Thanks for the info on Ed Park exiting Amazon.
This part is interesting:
“Some literary agents say Amazon’s publishing operation seems to be retreating. Several other prominent editors have left. Jane Dystel, an agent who has done more than two dozen publishing deals with Amazon, said offers from the company — once generous, including even some six-figure deals — have largely fallen to the $10,000 to $20,000 range, and sometimes lower. Some of the writers she represents have returned to self-publishing. “It’s discouraging to those clients,” she said.
Other agents who have done deals with Amazon said their authors’ sales were hurt by bookstores’ ban on Amazon titles.”
I didn’t see this as being against Taylor Swift for being a woman. I see it as a commentary on how artists – who are known for being idiosyncratic – can possibly destroy a business model.
If Jay-Z decided to not use a streaming service it WOULD be a bigger deal – but Jay-Z is a bigger business than Swift: in addition to his personal music he also brings along the multiple big name artists he represents.
I almost posted this article that Kaetrin tweeted me on the Taylor Swift deal, but it turned out to be more about people paying artists for their work, rather than the gender analysis I expected from the title and the way Smith is often portrayed (also, my Norton security tagged it as a “caution” site). Anyway, here’s the link: http://electricliterature.com/taylor-swift-and-the-myth-of-the-mean-greedy-artist/.
Correct me if I’m wrong, but doesn’t Spotify pay the bulk of royalties directly to the record company and almost nothing to the artist? If that was the case, then it makes perfect sense for Taylor Swift to pull her music from Spotify.

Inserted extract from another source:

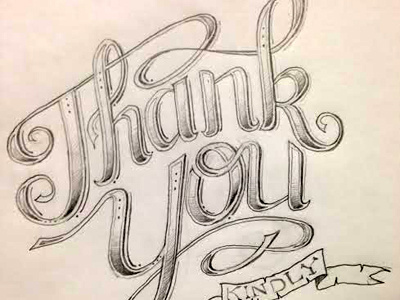Thank You Kindly card hand lettered hand lettering ornate script thank you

@MrsJoseph: And also Taylor Swift being signed to a smaller label where she is practically the only marquee name (and her dad bought a stake in the label when she moved to Nashville to begin her career). Imagine other big name artists–or future big names–ending up in this situation where they have almost total control over their music and their label. Of course the mainstream reaction isn’t appreciative of Swift’s clout or actions. Jay-Z isn’t even comparable because his label/management company still relies upon major label distribution and funding.